Take textiles, which account for approximately 5% of the national household waste composition, by weight, yet emissions associated with their production make it one of the most environmentally damaging waste streams with 10% of all global emissions derived from the fashion industry alone. Currently, 87% of the raw materials used for clothing are incinerated or disposed of in landfill. Fortunately, this is beginning to change.
In France, new laws prohibit the disposal of unsold or returned clothing, luxury goods and electrical items with all such products now having to be reused or redistributed, or as a last resort, recycled. France already prohibits unsold food from the retail sector from being thrown away, instead requiring it to be distributed to charities.
In the UK, new requirements acting on the retail sector include restrictions on the use of single-use plastic items, taxes on plastic packaging without recycled content and a Right to Repair that requires manufacturers of white goods and home entertainment appliances, including televisions, to make spare parts available. Manufacturers of electrical items are increasingly designing with circularity in mind, including using recycled and recovered materials in their products, and even creating entirely new waste management processes to make it easier to recover materials from electrical waste.

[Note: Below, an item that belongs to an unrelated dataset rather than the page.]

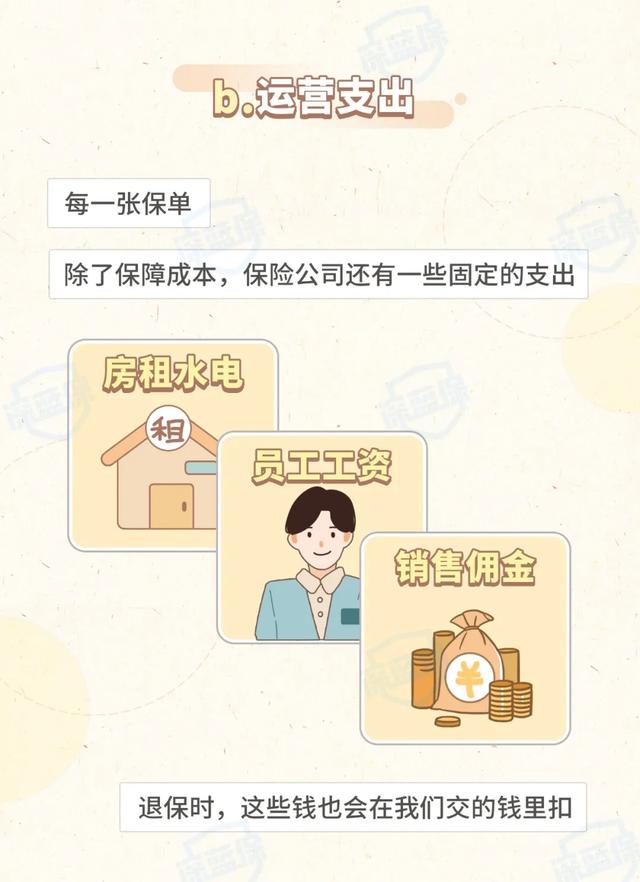 保费交了1万,凭什么只退几百块?不知道这些退保就亏了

Half of the UK’s 5 million tonnes of annual plastic use comes from packaging, with retail seen as a key contributor. Packaging waste is consequently a key focus area and new legislation is planned that will pass the cost of packaging waste collection and recycling on to the producer. Many brands and retailers are already working to reduce their use of plastic packaging, shift to plastic free packaging or even redesign their products to require less packaging overall.
RETAIL MODELS FOR ADDRESSING WASTE
As businesses start to respond to these calls to change, and the benefits of more efficient resource use become clearer, entirely new business models are emerging devoted to capturing and recovering the value in materials that would otherwise have been disposed of as waste.
Loop, a global reuse platform, has partnered with brands including Coca Cola, Unilever, Procter & Gamble and Nestlé to offer products in high quality, robust packaging. Once used, the packaging is returned, cleaned, refilled and reused, preventing the generation of single-use packaging as waste and reducing overall packaging material use. Initially launching as an online store, Loop is now embedded in a range of retail partners including Tesco, McDonalds and Burger King, who now offer products in Loop packaging that can be returned for reuse.
Takeback programmes, where products are returned to the retailer for reuse or recycling, are becoming increasingly common and span fashion to homewares. The Marks and Spencer Shwop initiative, launched in partnership with Oxfam, aims to tackle the 336,000 tonnes of clothing that is landfilled each year and allows consumers to return unwanted clothing to M&S stores where it will be resold or recycled into new fabrics. In return shoppers receive a thankyou benefit through their M&S loyalty card. IKEA, who estimate that a million pieces of furniture go to waste each year, run a buyback programme that allows consumers to return bookcases, tables and chairs to IKEA for resale, reuse or recycling. In return the consumer receives up to 50% of their original value for use on new IKEA products. Costa coffee have introduced a cup recycling initiative where people can dispose their cups irrespective of which coffee brand the cup was purchased from.
Whether these are driven by policy, corporate ethics or consumer sentiment, it’s a step in the right direction, but is enough genuinely happening across the industry to make a difference?